Answer
The solutions are $-2+\displaystyle \frac{\sqrt{26}}{2}$ and $-2-\displaystyle \frac{\sqrt{26}}{2}$.
Work Step by Step
$ 2(x+2)^{2}-5=8\qquad$ ...add $5$ to each side.
$ 2(x+2)^{2}-5+5=8+5\qquad$ ...simplify.
$ 2(x+2)^{2}=13\qquad$ ...divide each side with $2$.
$(x+2)^{2}=\displaystyle \frac{13}{2}\qquad$ ...take square roots of each side.
$\sqrt{(x+2)^{2}}=\sqrt{\frac{13}{2}}\qquad$ ...simplify.
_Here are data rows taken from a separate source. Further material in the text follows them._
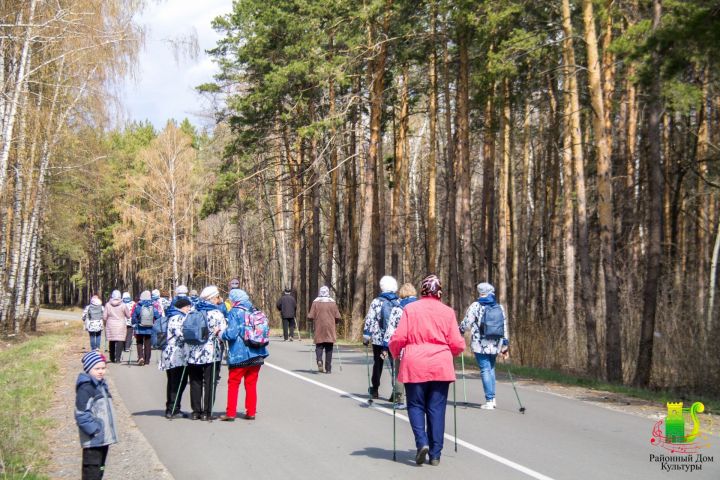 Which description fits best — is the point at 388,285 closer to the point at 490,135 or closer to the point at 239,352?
the point at 239,352

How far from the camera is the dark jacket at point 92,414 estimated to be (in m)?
6.33

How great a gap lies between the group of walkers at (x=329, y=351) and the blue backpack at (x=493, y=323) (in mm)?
15

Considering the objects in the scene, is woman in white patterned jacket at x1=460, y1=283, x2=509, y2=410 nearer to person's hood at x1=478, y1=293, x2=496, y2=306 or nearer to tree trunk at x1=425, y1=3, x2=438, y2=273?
person's hood at x1=478, y1=293, x2=496, y2=306

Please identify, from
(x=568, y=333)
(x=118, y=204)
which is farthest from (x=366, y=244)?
(x=118, y=204)

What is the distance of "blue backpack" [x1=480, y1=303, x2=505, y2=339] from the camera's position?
1186 cm

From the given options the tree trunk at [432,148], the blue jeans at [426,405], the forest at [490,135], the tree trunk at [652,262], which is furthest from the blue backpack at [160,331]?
the blue jeans at [426,405]

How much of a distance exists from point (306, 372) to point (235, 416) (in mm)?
6331

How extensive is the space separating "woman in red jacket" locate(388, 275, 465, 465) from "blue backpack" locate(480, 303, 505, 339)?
3742 millimetres

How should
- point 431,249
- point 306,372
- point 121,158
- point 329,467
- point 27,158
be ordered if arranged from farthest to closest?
point 121,158
point 27,158
point 431,249
point 306,372
point 329,467

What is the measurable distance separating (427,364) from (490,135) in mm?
18474

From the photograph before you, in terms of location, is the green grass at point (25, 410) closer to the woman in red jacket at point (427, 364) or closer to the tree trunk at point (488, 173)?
the woman in red jacket at point (427, 364)

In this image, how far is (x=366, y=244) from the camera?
30.5m

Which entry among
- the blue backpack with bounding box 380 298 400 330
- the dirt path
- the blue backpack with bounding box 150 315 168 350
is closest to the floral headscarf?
the dirt path

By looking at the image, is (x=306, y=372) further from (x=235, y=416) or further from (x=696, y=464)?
(x=696, y=464) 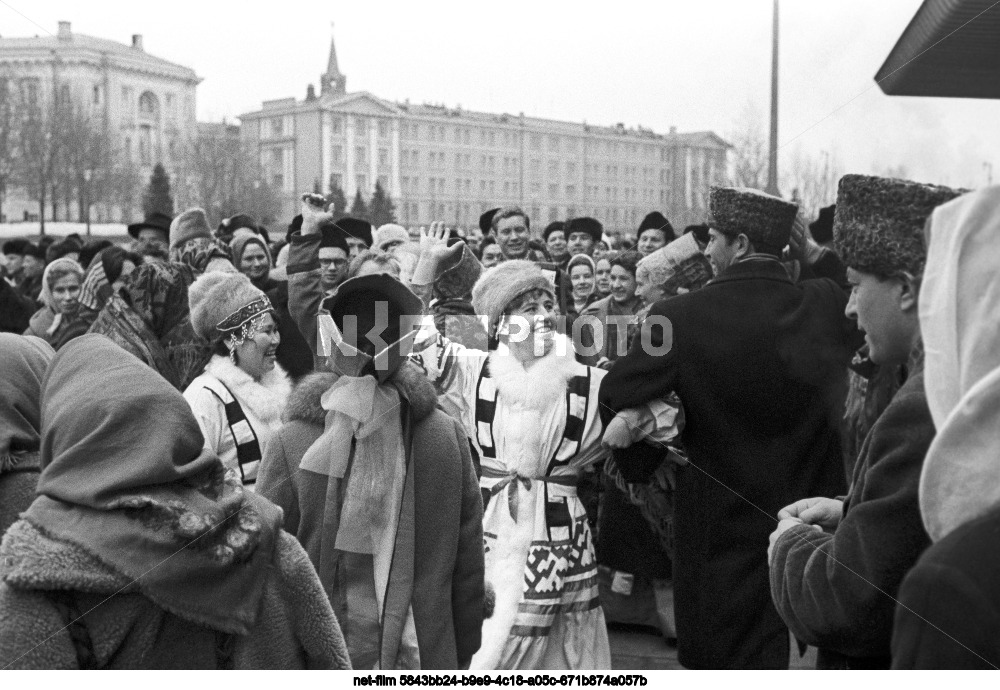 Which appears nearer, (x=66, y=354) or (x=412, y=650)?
(x=66, y=354)

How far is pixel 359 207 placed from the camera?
7.11m

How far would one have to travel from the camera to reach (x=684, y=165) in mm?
6109

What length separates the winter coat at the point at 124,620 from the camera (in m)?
1.78

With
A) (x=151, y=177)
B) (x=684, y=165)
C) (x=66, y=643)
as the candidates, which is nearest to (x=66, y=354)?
(x=66, y=643)

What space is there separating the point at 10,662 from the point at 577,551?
2.54 m

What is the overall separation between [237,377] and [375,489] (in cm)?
117

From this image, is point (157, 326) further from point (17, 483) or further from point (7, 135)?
point (7, 135)

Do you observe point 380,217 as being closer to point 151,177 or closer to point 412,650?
point 412,650

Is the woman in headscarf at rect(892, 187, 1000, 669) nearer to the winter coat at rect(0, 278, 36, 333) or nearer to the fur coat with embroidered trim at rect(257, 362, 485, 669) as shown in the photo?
the fur coat with embroidered trim at rect(257, 362, 485, 669)

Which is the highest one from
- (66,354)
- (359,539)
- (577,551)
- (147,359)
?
(66,354)

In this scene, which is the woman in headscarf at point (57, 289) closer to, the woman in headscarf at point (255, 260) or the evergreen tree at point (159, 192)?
the woman in headscarf at point (255, 260)

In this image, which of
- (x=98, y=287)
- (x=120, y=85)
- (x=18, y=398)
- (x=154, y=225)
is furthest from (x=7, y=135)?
(x=18, y=398)

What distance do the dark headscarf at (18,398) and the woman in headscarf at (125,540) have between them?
1.91 ft

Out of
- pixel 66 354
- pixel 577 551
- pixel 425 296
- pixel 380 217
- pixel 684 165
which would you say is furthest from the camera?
pixel 380 217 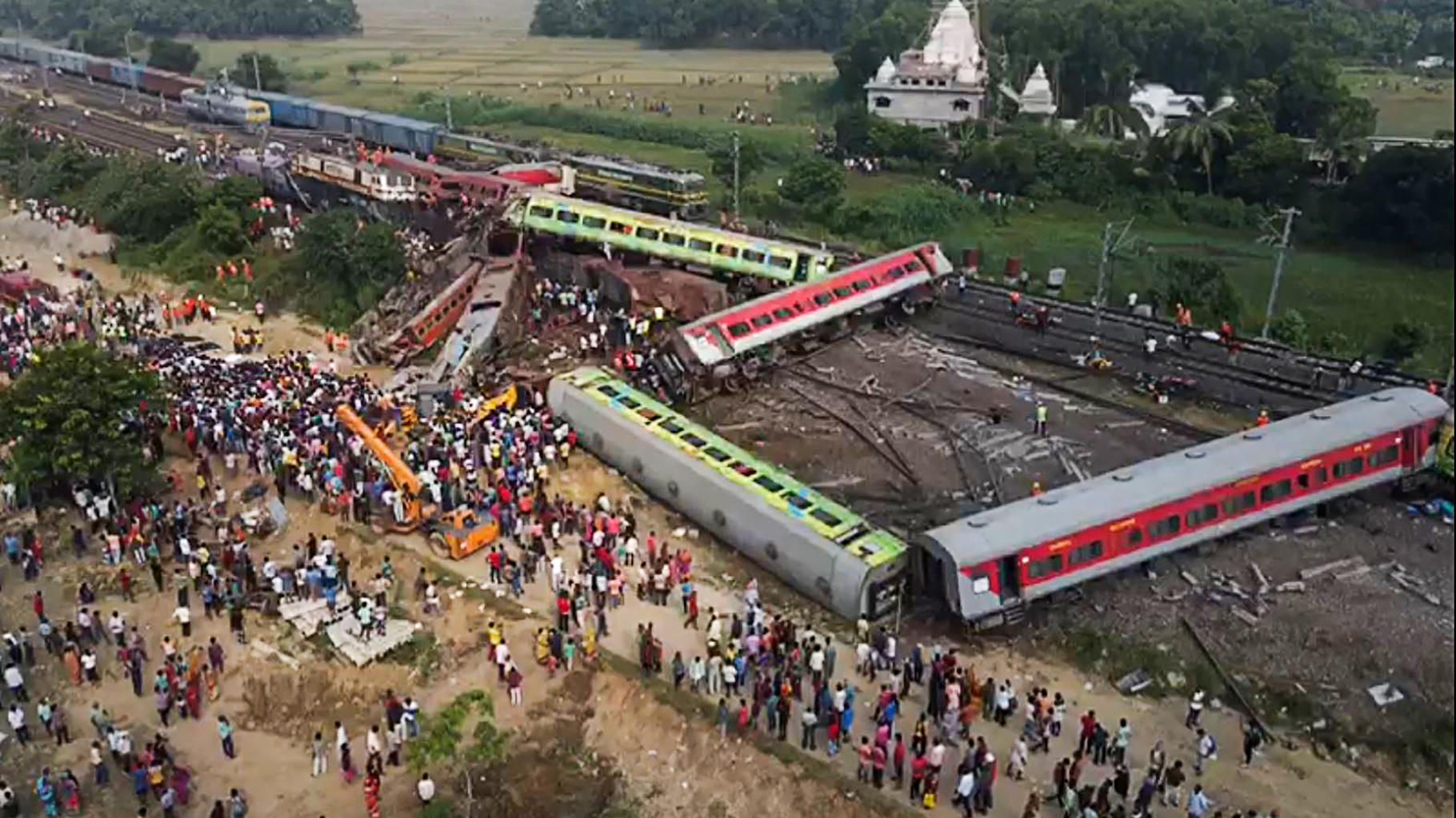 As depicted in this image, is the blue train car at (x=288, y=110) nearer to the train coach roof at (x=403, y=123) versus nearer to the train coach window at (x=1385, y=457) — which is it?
the train coach roof at (x=403, y=123)

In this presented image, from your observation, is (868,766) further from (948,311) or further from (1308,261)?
(1308,261)

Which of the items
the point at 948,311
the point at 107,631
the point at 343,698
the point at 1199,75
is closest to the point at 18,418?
the point at 107,631

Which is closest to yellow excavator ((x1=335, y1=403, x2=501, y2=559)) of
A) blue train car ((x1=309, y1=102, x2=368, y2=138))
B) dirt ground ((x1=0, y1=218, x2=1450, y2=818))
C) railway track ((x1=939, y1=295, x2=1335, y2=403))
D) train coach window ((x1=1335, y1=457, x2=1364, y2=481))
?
dirt ground ((x1=0, y1=218, x2=1450, y2=818))

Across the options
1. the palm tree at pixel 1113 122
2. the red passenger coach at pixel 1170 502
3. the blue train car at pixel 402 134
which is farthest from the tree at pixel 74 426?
the palm tree at pixel 1113 122

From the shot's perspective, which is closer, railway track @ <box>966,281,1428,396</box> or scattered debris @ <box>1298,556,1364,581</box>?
scattered debris @ <box>1298,556,1364,581</box>

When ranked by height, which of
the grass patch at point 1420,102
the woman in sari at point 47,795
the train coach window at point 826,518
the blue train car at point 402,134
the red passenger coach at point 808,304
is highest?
the grass patch at point 1420,102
...When solving an equation of the form $x^{2}=s$ where $s>0$,
we find both the positive and negative solutions.
$ x+2=\pm\sqrt{\frac{13}{2}}\qquad$ ...apply the Quotient Property:$\displaystyle \sqrt{\frac{a}{b}}=\frac{\sqrt{a}}{\sqrt{b}}$
$ x+2=\displaystyle \pm\frac{\sqrt{13}}{\sqrt{2}}\qquad$ ...rationalize the denominator by multiplying both the numerator and the denominator with $\sqrt{2}$
$ x+2=\displaystyle \pm\frac{\sqrt{13}}{\sqrt{2}}\cdot\frac{\sqrt{2}}{\sqrt{2}}\qquad$ ...use the Product Property $\sqrt{ab}=\sqrt{a}\cdot\sqrt{b}$
$ x+2=\displaystyle \pm\frac{\sqrt{26}}{\sqrt{4}}\qquad$ ...evaluate $\sqrt{4} $ ($\sqrt{4}=2$)
$ x+2=\displaystyle \pm\frac{\sqrt{26}}{2}\qquad$ ...add $-2$ to each side.
$ x+2-2=\displaystyle \pm\frac{\sqrt{26}}{2}-2\qquad$ ...simplify.
$x=-2\displaystyle \pm\frac{\sqrt{26}}{2}$